Parsing XML, Part 1

By: Eric Bohlman

Language Meets Parser

When we talk about parsing a language, we mean the process of taking a piece of code or data written in that language and breaking it up into its constituent parts as defined by the rules of that language. Parsing is an essential task for any program that wants to use language- based data or code as input. In our last column, we talked about how "newline-separated records, with fields separated by commas" was actually the specification for a very simple language. In Perl, we'd normally parse it using something like:

while (<INPUT>) {
  @fields=split /,/;
  # do something with the fields
}

The above code works by imposing structure on the stream of characters contained in the file we're reading. In this case, the structure is mostly implicit; the information that the first field of each record is, say, someone's last name and the second field is that person's first name is not explicitly encoded within the file. It's up to our program to know which is which.

How Not to Parse XML

Beginning and even intermediate Perl programmers, when given a data format like HTML or an XML application, immediately think "let's parse it by reading it in line-by-line and using regular expressions to match tags." This is not a good way to parse a structured markup language! First of all, line boundaries carry no structural meaning in most SGML/XML applications; they exist merely to make editing convenient. The structures you're interested in will almost certainly span line boundaries.

Second, anyone who's read the Perl FAQs (that's all of you, right?) knows that Perl regular expressions, while more powerful than strict "mathematical" regular expressions, can't deal with arbitrarily nested parentheses. "What does this have to do with XML?" you ask. Well, it turns out that XML (or SGML) tags are merely parentheses in drag. Parsing XML is mathematically equivalent to parsing nested parenthesized lists, which requires the capabilities of a push-down automaton (a finite-state machine with a stack) rather than just a finite-state machine.

Third, the XML Recommendation specifies an inclusion mechanism that allows a logical XML document to be made up of several separate physical parts, known as entities (beginning HTML authors are always asking whether there's a tag that lets you include common header or footer information inside a document. SGML, upon which HTML is based, provides the same entity-inclusion mechanism, but unfortunately very few HTML user agents implement it). Nobody wants XML applications to suffer from the same problems of incomplete implementation. As it turns out, handling entity inclusion requires lots of simple but tedious code.

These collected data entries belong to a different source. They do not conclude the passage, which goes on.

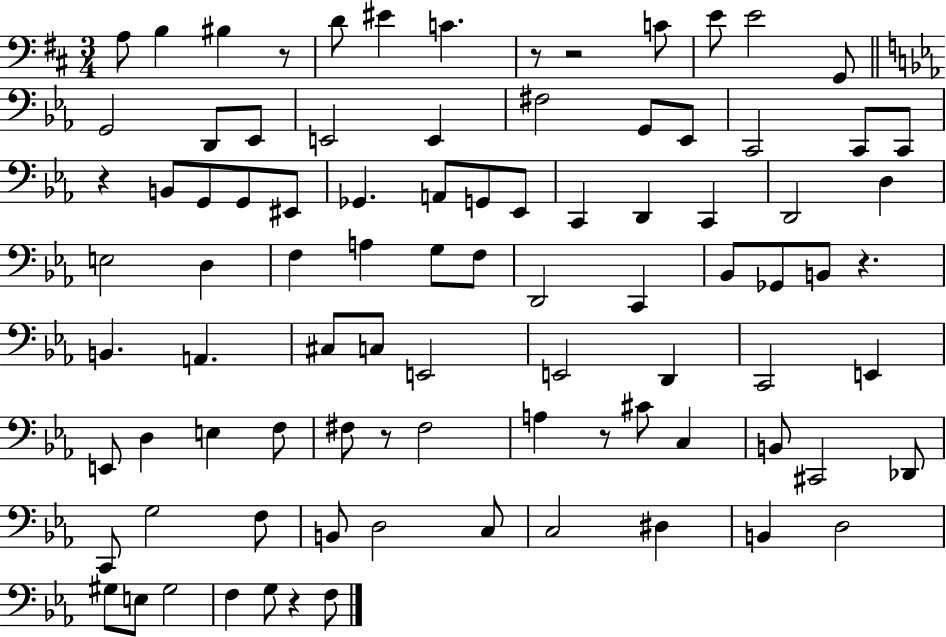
X:1
T:Untitled
M:3/4
L:1/4
K:D
A,/2 B, ^B, z/2 D/2 ^E C z/2 z2 C/2 E/2 E2 G,,/2 G,,2 D,,/2 _E,,/2 E,,2 E,, ^F,2 G,,/2 _E,,/2 C,,2 C,,/2 C,,/2 z B,,/2 G,,/2 G,,/2 ^E,,/2 _G,, A,,/2 G,,/2 _E,,/2 C,, D,, C,, D,,2 D, E,2 D, F, A, G,/2 F,/2 D,,2 C,, _B,,/2 _G,,/2 B,,/2 z B,, A,, ^C,/2 C,/2 E,,2 E,,2 D,, C,,2 E,, E,,/2 D, E, F,/2 ^F,/2 z/2 ^F,2 A, z/2 ^C/2 C, B,,/2 ^C,,2 _D,,/2 C,,/2 G,2 F,/2 B,,/2 D,2 C,/2 C,2 ^D, B,, D,2 ^G,/2 E,/2 ^G,2 F, G,/2 z F,/2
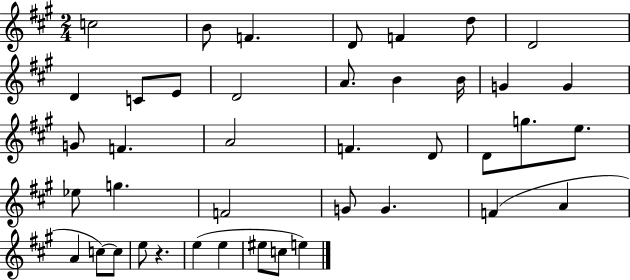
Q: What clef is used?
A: treble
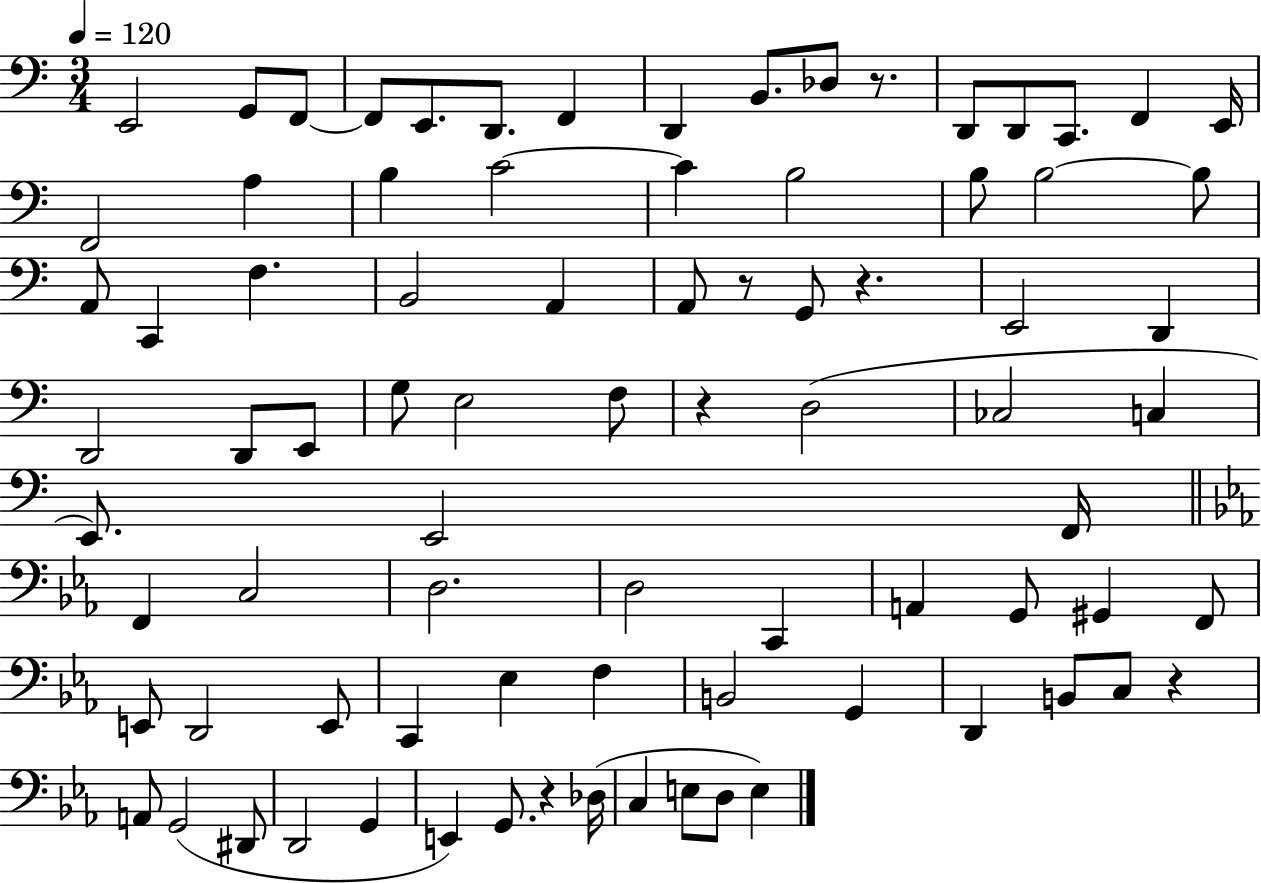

The Right Way to Parse XML

All these considerations mean that writing an XML parser is a demanding task not for the faint of heart. One of the W3C's original design goals for XML was that someone with a degree in computer science could write an XML parser in a week. That turned out to be one of the goals that wasn't quite achieved, and the development of new XML facilities like namespaces makes it even less realistic.

The complexity of XML parser design has not prevented many talented individuals and organizations from writing XML parsers, many of which are available for free. Thus, nearly everyone who wants to write programs that use XML for input will want to use a pre-written parser to do all the dirty work. In the Perl world, this means using parsers that have been packaged as Perl modules.

Types of parsers

All XML parsers break an XML document down into the following components:

XML parsers can be classified along two independent dimensions: validating vs. non-validating and stream-based vs. tree-based.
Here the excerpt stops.